Cranston Rep. Arthur Handy and Sen. Joshua Miller sponsored a bill that would let cities and towns in Rhode Island prevent flooding by requiring builders to comply with strict runoff design standards.

New Runoff Law Could Spare Future Flooding

From the State House press office:

Legislation sponsored by Sen. Joshua Miller and Rep. Arthur Handy has been signed into law, enabling cities and towns around the state to prevent flooding by requiring builders to comply with state standards for pavement, drainage and runoff.

The legislation ( 2012-S 2445A2012-H 7803A) is meant to give cities and towns more power to prevent or reduce the impact of major floods like those in March 2010 that caused severe damage in much of the Cranston and Warwick areas that Representative Handy and Senator Miller represent.

The legislation, which was recently signed into law by Gov.

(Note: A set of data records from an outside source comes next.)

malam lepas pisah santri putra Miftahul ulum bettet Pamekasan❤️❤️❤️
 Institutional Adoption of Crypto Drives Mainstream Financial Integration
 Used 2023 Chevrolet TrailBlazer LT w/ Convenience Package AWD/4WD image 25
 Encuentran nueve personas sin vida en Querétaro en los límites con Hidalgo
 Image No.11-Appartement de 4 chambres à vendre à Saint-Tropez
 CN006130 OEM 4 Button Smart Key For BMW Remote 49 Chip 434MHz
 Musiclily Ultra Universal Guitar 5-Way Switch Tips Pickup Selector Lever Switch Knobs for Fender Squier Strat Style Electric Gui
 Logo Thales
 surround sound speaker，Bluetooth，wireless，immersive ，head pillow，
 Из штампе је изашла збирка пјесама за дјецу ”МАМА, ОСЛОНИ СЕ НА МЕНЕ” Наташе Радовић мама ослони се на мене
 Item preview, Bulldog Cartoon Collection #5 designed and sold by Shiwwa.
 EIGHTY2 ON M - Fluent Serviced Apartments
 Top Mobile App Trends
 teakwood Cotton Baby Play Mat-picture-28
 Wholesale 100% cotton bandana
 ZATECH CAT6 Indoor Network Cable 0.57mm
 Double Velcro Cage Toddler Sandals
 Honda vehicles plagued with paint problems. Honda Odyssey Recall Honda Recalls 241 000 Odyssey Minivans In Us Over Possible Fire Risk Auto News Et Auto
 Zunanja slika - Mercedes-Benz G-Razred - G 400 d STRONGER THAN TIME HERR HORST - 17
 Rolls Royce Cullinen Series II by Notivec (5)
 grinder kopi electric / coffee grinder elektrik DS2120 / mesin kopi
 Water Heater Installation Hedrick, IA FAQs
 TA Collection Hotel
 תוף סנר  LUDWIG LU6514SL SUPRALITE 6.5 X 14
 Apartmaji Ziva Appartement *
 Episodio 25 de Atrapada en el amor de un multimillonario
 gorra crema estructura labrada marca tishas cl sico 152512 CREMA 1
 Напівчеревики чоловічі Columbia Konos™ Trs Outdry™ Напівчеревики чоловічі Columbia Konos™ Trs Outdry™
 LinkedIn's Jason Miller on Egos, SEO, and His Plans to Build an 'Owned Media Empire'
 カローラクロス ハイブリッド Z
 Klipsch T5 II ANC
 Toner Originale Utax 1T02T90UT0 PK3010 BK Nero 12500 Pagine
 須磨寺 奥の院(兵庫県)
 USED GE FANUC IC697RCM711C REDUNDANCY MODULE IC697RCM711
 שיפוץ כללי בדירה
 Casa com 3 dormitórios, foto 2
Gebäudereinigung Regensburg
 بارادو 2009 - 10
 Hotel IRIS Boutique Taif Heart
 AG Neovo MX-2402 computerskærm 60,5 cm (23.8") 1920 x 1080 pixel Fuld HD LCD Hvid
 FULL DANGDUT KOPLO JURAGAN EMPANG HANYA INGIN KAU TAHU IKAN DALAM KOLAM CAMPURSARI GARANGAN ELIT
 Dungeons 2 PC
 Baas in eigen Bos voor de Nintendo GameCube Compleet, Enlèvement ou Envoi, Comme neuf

Lincoln Chafee, enables towns to pass ordinances that require those developing new construction or redevelopment to comply with the Rhode Island Stormwater Design and Installation Standards Manual, which requires developers to use methods and materials meant to avoid flooding and runoff problems.

The state already requires compliance with the standards in the manual for projects greater than one acre, as well as those that disturb wetlands or discharge significant storm water into the ground. The new law gives cities and towns the option of adopting the same standards for smaller projects within their jurisdiction.

"This is a way to give municipalities an option they can use, especially if they have areas prone to flooding, to prevent construction methods that exacerbate the problems. If an area in a floodplain, for example, is being developed bit by bit, over time all the additional pavement and other disturbances to the surface can result in there being no place for excess water to go during a large storm. Using these standards would help prevent that water from winding up in people’s basements, homes and yards and damaging their property as well as the environment as it absorbs contaminants on the surface," Miller said (D-Dist. 28, Cranston, Warwick).

Handy, of Dist. 18, said  "When the Pawtuxet River flooded in our districts in 2010, there were homes that were completely destroyed, along with people’s cars and personal belongings. While you can’t always prevent flooding, more careful development methods are available to reduce the probability and lessen the impact when it does happen. Our legislation doesn’t force cities and towns to do anything, but it does give municipalities the planning tools that represent the best practices to prevent flooding and protect Rhode Islanders, their property, our rivers, and the Narragansett Bay."

The  Stormwater Design and Installation Standards Manual, developed by the Department of Environmental Management and the Coastal Resources Management Council, sets standards for low-impact development methods to minimize stormwater runoff, manage it naturally and disperse it across multiple locations. Methods can include the use of paving materials that aren’t impervious to water, the planting of vegetation that will help absorb water, and the use of technology to prevent water pollution from trash, automotive leakage or septic systems and cesspools that leach into stormwater.